FROM THE AUTHOR'S DEDICATION (1854)[1]
TO HIS MAJESTY GEORGE V, KING OF HANOVER
The great events — the bloody wars, the revolutions, and the breaking up of laws — which have been rife for so many years in the States of Europe, are apt to turn men's minds to the study of political problems. While the vulgar consider merely im- mediate results, and heap all their praise and blame on the little electric spark that marks the contact with their own interests, the more serious thinker will seek to discover the hidden causes of these terrible upheavals.
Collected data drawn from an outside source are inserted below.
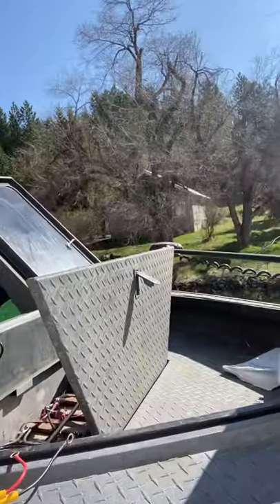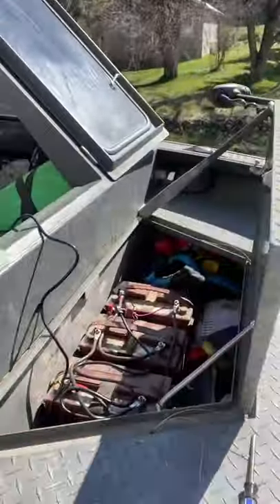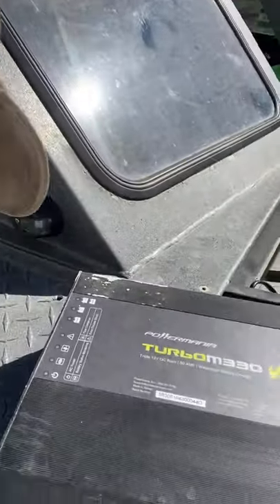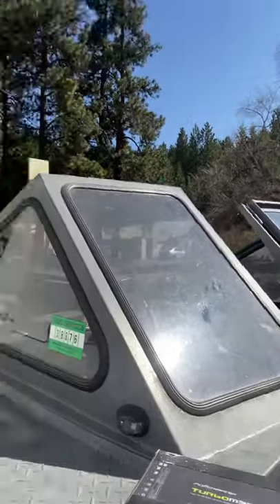Hey, what's up guys, Kyle Jones from Jones Sport Fishing. I'm out here working on the boat again — we're installing a new onboard charger. There's the old one right there, the Power Mania Turbo M330 V3. This one was sold to me as a better motor, but it didn't pass the Kyle test. I installed it in late August and it completely quit working on me last week.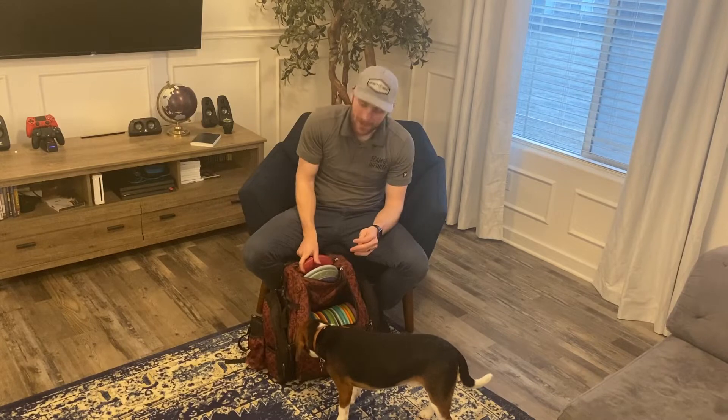Hey guys, Seth here with Infinite Disc. I'm here with my disc golfing buddy Copper and we're about to show you what's in my bag for this year. I'm gonna go a little quick and keep it short.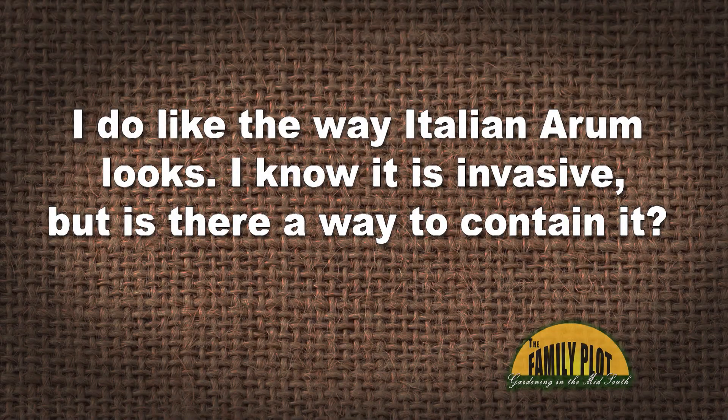I do like the way Italian Arum looks — so shiny, rich looking with the white veins. I know it is invasive, but is there a way to contain it? If I were to use a root barrier, would it keep from spreading? Thank you, Diane from Webster, New York.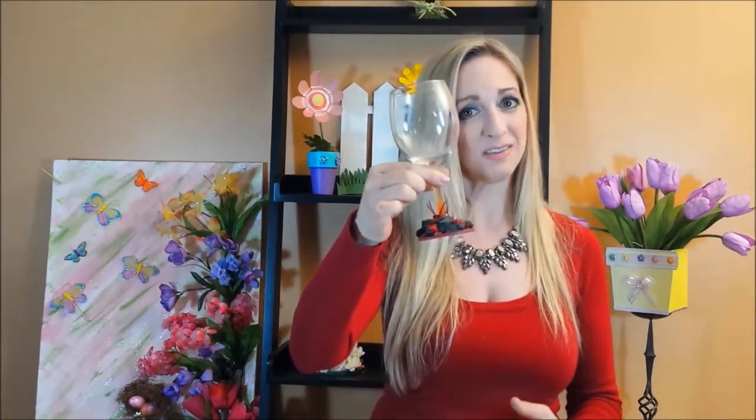Hi everyone, it's Gina. I have had so many requests to make my volcano wine glasses, so I'm going to show you how. These are actually pretty easy to make once I show you how, and you really don't need a lot of materials.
He will descend, lamp in hand, by the obscure paths of philosophy and history ; and in the analysis of the human heart or the careful search among the annals of the past he will try to gain the master-key to the enigma which has so long baffled the imagination of man.
Like every one else, I have felt all the prickings of curiosity to which our restless modern world gives rise. But when I tried to study, as completely as I could, the forces underlying this world, I found the horizon of my inquiry growing wider and wider. I had to push further and further into the past, and, forced by analogy almost in spite of myself, to lift my eyes further and further into the future. It seemed that I should aspire to know not merely the immediate causes of the plagues that are supposed to chasten us, but also to trace the more remote reasons for those social evils which the most meagre knowledge of history will show to have prevailed, in exactly the same form, among all the nations that ever lived, as well as those
- ↑ This dedication and the following preface apply to the whole work, of which the present volume contains the first book. The remaining books are occupied by a detailed examination of the civilizations mentioned at the end of this volume, and it is of these as well as the present book that the author is thinking, in his preface, when speaking of his imitators. A few passages in the dedication that relate exclusively to these books have been omitted. — Tr.